Turkish President Recep Tayyip Erdogan used to suppress his opponents and violate their rights in order to ensure that no one would say anything that threatens his presidential future. The latest of these attacks happened against Turkey’s cancer-stricken Göknur Damat, whom Erdogan had previously called “my adopted daughter” during her visit to the presidential palace.
A Turkish newspaper revealed that Damat was stabbed with a knife because of her support for the elected mayor of Istanbul, Ekrem Imamoglu. A person on the street confronted her and tried to stab her with a knife. She managed to avoid him, but was stabbed in her leg.
This was not the first time that Damat was attacked by Erdogan’s supporters. After she posted on Twitter announcing her support for Imamoglu, Erdogan supporters started an online campaign against her, with one of them even saying, “Why haven’t you died yet?”
Regarding her relationship with Erdogan, Damat said that she had met with the Turkish president at the presidential palace due to her efforts in fighting against cancer. During the meeting, Erdogan called her “my adopted daughter” and took a picture with her.

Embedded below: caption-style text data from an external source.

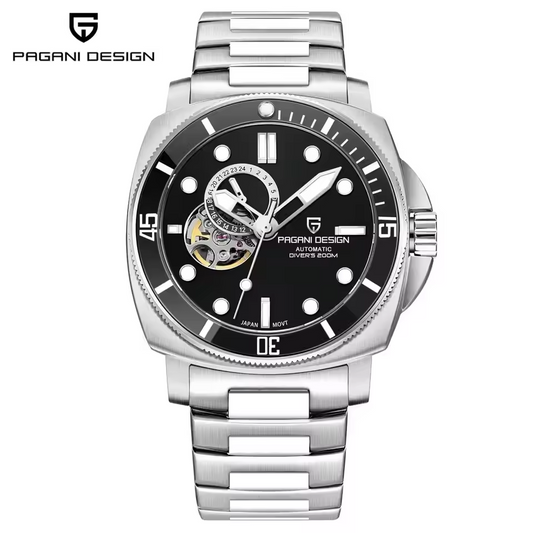 パガーニデザイン PD-1736 メンズ腕時計 日本製 SEIKO NH35自動巻きムーブメント ミリタリー PAGANI DESIGN PD-1736 ブラック/ステンレススチール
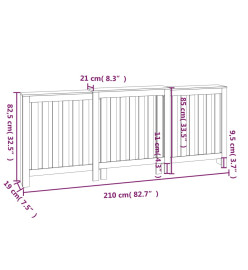 Cache-radiateur 210x21x85 cm Bois massif de pin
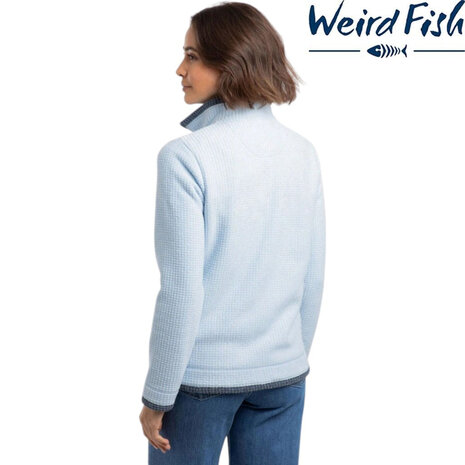 Weird Fish Ariana Full Zip Grid Cool Blue Fleece Vest Dames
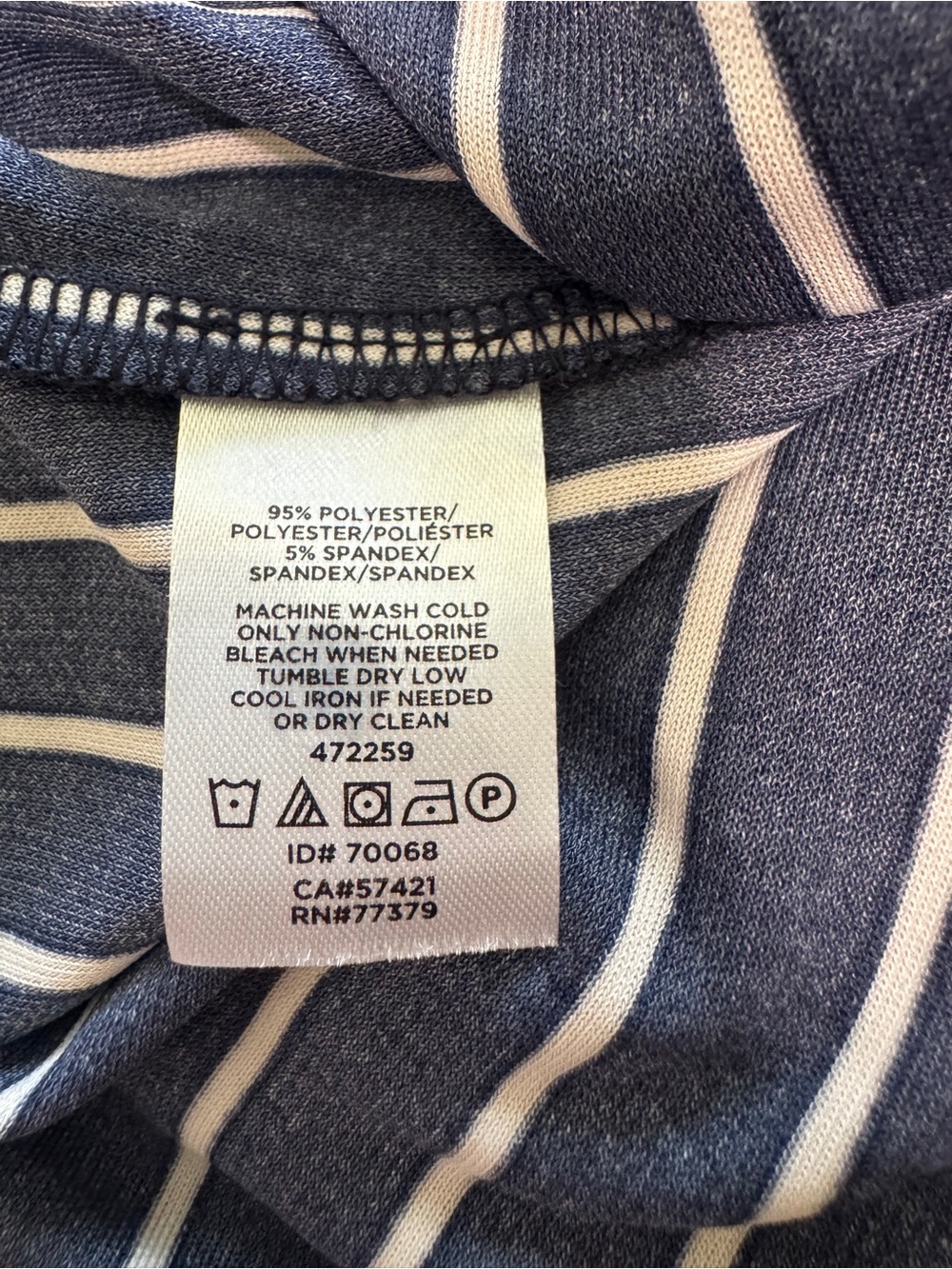 Ann Taylor Navy Stripe Tie Neck Sleeveless Blouse Bow Front Button Top S - Picture 11 of 11
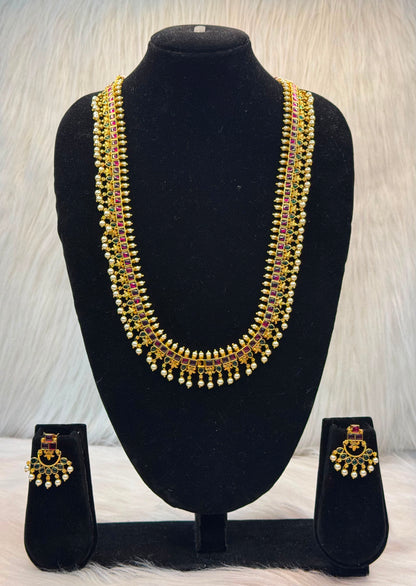 Ruby & Green Stone Kemp Necklace Set With Pearl Drops B10 | SSRG57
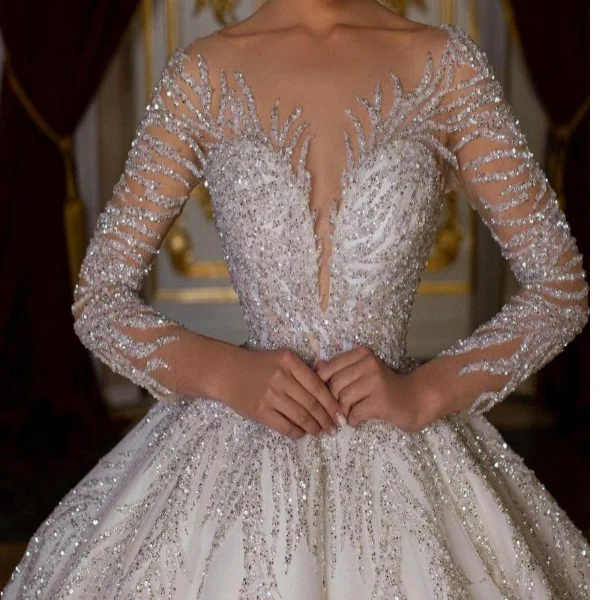 2023 Luxury wedding dresses Beaded Sequin ball gown long sleeves Bridal Wedding Dress Sexy Africa Bridal gowns Wedding Dresses
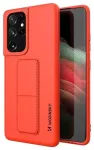 Wozinsky Kickstand Case silicone case with stand Samsung Galaxy S21 Ultra 5G red
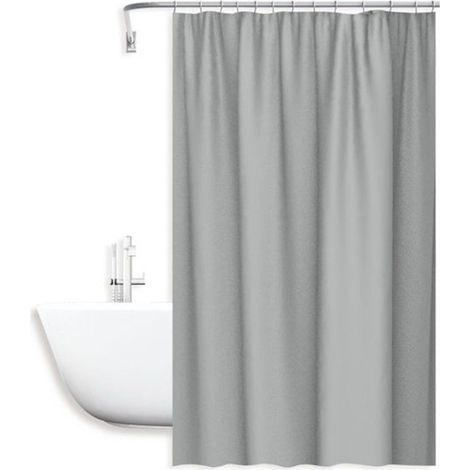180x200cm Rideau De Douche Imperméable Anti-moisissure Avec Anneaux Salle De Bain Gris Clair 69850 (1/2)
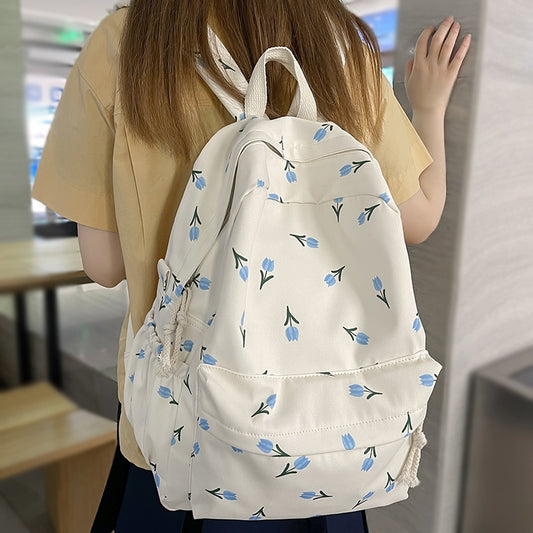 Trendy Girl Fashion Floral Travel School Bag Kawaii Waterproof Lady Print Backpack Women Laptop Book Bag Female College Backpack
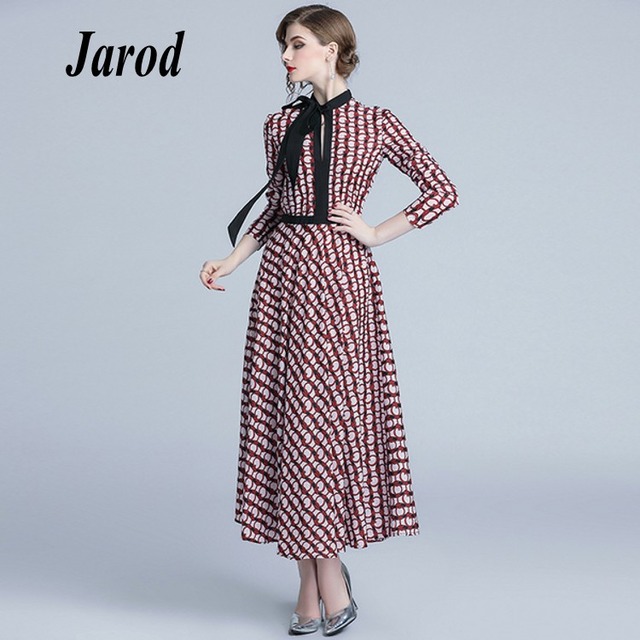 滑走路デザイナー自由奔放に生きるマキシ秋女性のカジュアルなビーチヴィンテージプリントロングドレス長袖弓の襟シフォンドレス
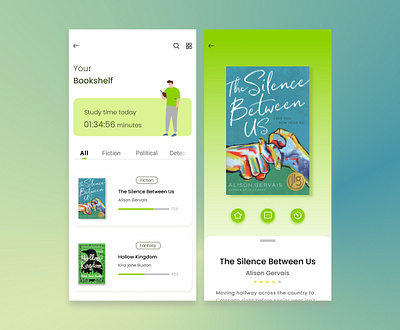 Bookshelf app design flat illustration minimal ui ux vector web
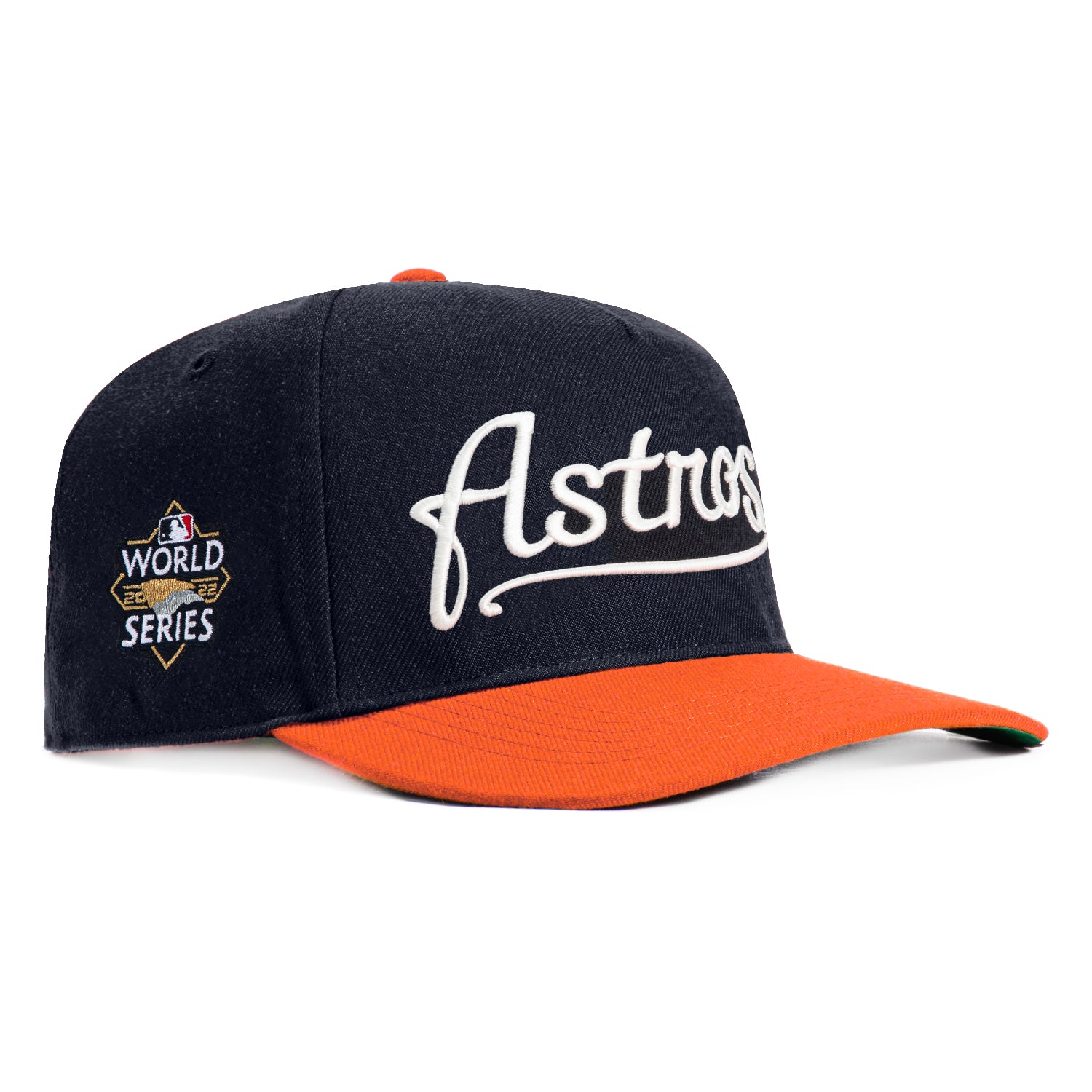 47 Brand Hitch Houston Astros 2022 World Series Patch Snapback Script Hat - Navy & Orange | Official MLB Baseball Cap for Men & Women | Game Day, Fan Gear, Casual Wear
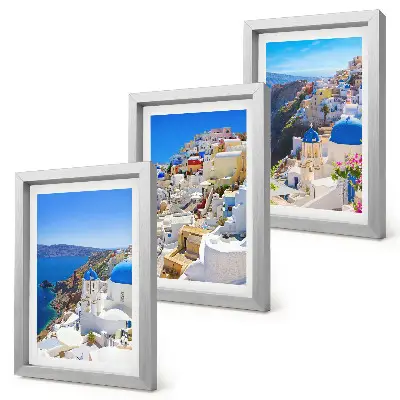 3 paveikslų rinkinys su rėmais su Oia miesto, Santorinio ir Graikijos architektūros kraštovaizdžiais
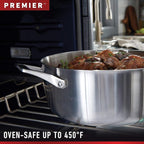 Calphalon Premier Stainless Steel 5-Quart Sauté Pan with Lid, 3-Layer Metal Construction, Oven & Dishwasher Safe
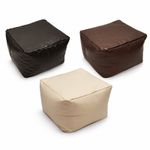 Bean Bag Faux Leather Footstool Pouffe Indoor Outdoor Garden Seat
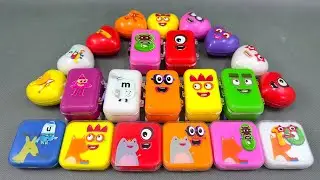 Picking Numberblocks, Alphablocks from Soft Rainbow Slime ASMR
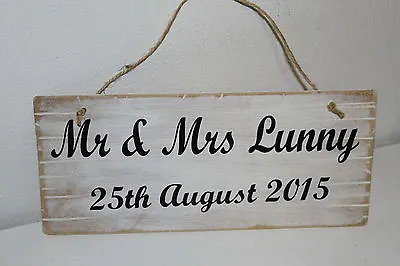 RUSTIC PERSONALISED Wedding Mr And Mrs Sign. Printed Wooden Sign Shabby White R1 • £9.99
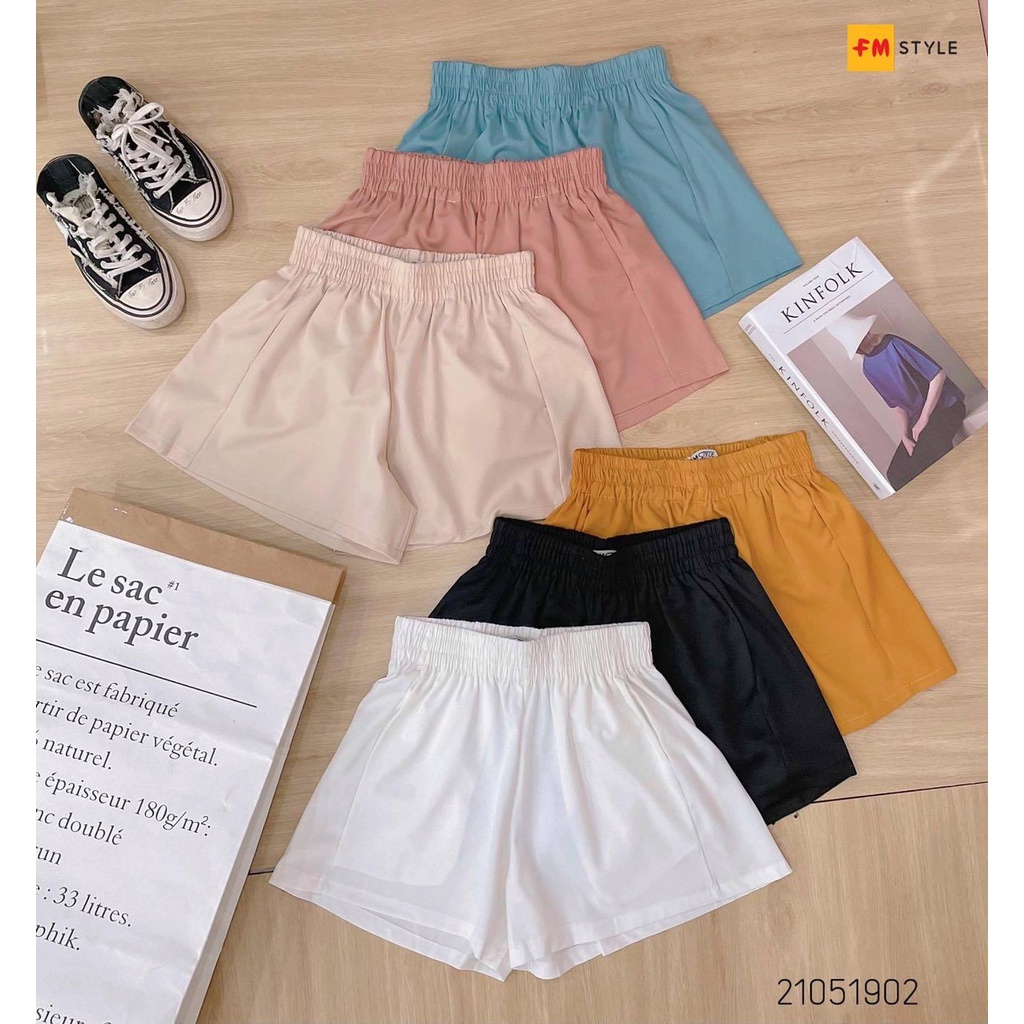 Quần đùi thun nữ FM Style ống rộng bigsize mặc nhà chất vải thun co giãn 4 chiều thoãi mái 220302515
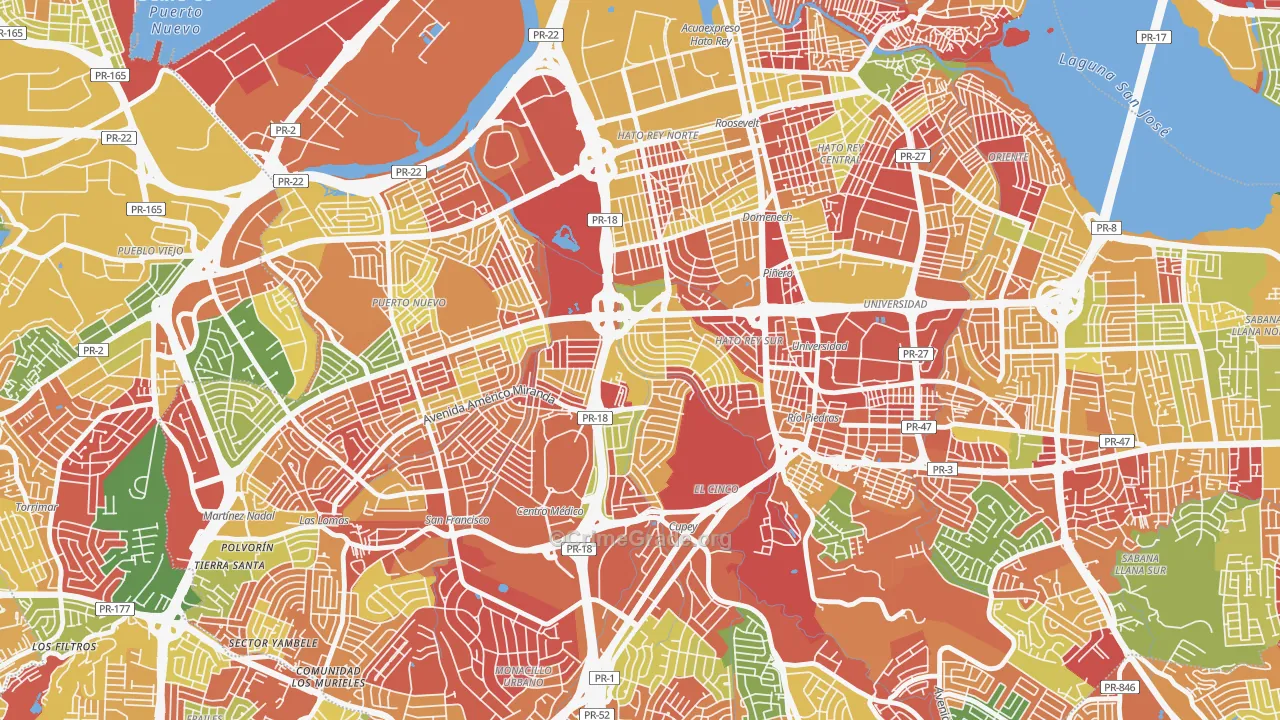 Urbanizacion University Gdns, San Juan, PR Map of Arson Rates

There have also been repeated attacks against journalists recently. A group of people attacked Turkish opposition journalist Yavuz Selim Demirag on Saturday, May 11, 2019. He had criticized the Erdogan government and his nationalist allies. Six people attacked him after he had appeared the day before on a television program and commented on the cancellation of the Istanbul municipal election results.
Despite international condemnations against Turkey, the violations against journalists who criticize the policies of the ruling Justice and Development Party (AKP) do not stop. On Friday, May 10, 2019, the Turkish authorities arrested three journalists: Zeynep Kuray, Irfan Tunccelik and Janan Joshkon.
The newspaper said that Kuray was arrested while covering demonstrations aimed at drawing attention to hunger strikes in Istanbul, while Tunccelik was arrested while covering the “Peace Mothers” demonstrations held in front of Bakirkoy prison. Joshkon was arrested because of the arrest warrant issued following her case in 2015 that exposed the corruption of some judges.
Similarly, Turkish journalist Ahmet Hakan was attacked in October 2015, just one month before the early parliamentary elections. He was severely beaten by four people loyal to the AKP because of his articles criticizing Erdogan’s government.
In 2018, Emre Uslu’s life was turned upside down after criticizing Erdogan’s policies and revealing details of the Turkish president’s complicity with militant groups in Syria by using humanitarian aid to transport aid to them.
Uslu became a public target of oppressive AKP policies and was subjected to direct attacks by Erdogan himself.
The Press Syndicate recently published a report revealing the existence of 140 journalists in prison, ranging from detainees awaiting trial to others serving sentences.
Meanwhile, leaders of the ruling AKP party have also made public threats against prominent artists in Turkey not to work in the theater, imposing a ban on them and their artistic activities due to their support for Imamoglu in the run-off election for Istanbul mayor in June.
Gulen as a pretext to eradicate opponents
Erdogan used the movement of Fethullah Gulen as a pretext to eradicate his opponents and place them in prison. The anti-organized crime forces of the Ankara Security Directorate arrested on Monday (May 13th, 2019) arrested 46 former police officers out of 64 who had warrants for allegedly acting as secret imams for Fethullah Gulen’s Hizmet movement.
The general prosecutor’s office in Ankara issued arrest warrants and campaigns in the cities of Ankara, Antalya, Çorom, Mersin, Kayseri, Kirikkale, Yozgat and Kahramanmaraş.
Earlier, Turkish police detained 12 people in seven cities who had been laid off from their jobs in the Public Security Directorate under the law, in the context of investigations conducted by the prosecution for belonging to the Hizmet movement.
Since the failed 2016 coup attempt, the Turkish government has launched what it calls a “purge campaign” within state institutions, leading to the arrest of tens of thousands of Turks without any evidence. This raises the number of detainees since the summer of 2016 to more than a quarter of a million – most on fabricated political charges.
Some 55,000 Turks have been imprisoned since the summer of 2016 under the anti-terrorism law, including more than 31,000 accused of belonging to the Gulen movement.
Karam Said, a Turkish affairs researcher at the Al-Ahram Center for Political and Strategic Studies, said that a large number of imprisoned journalists and Kurds have been severely injured by the Turkish authorities.
He pointed out that Erdogan has turned his country into a large prison for journalists and opinion writers, with the charges already prepared, the foremost of which is insulting Erdogan, supporting terrorism, and spreading false news, which is only an attempt to intimidate the media.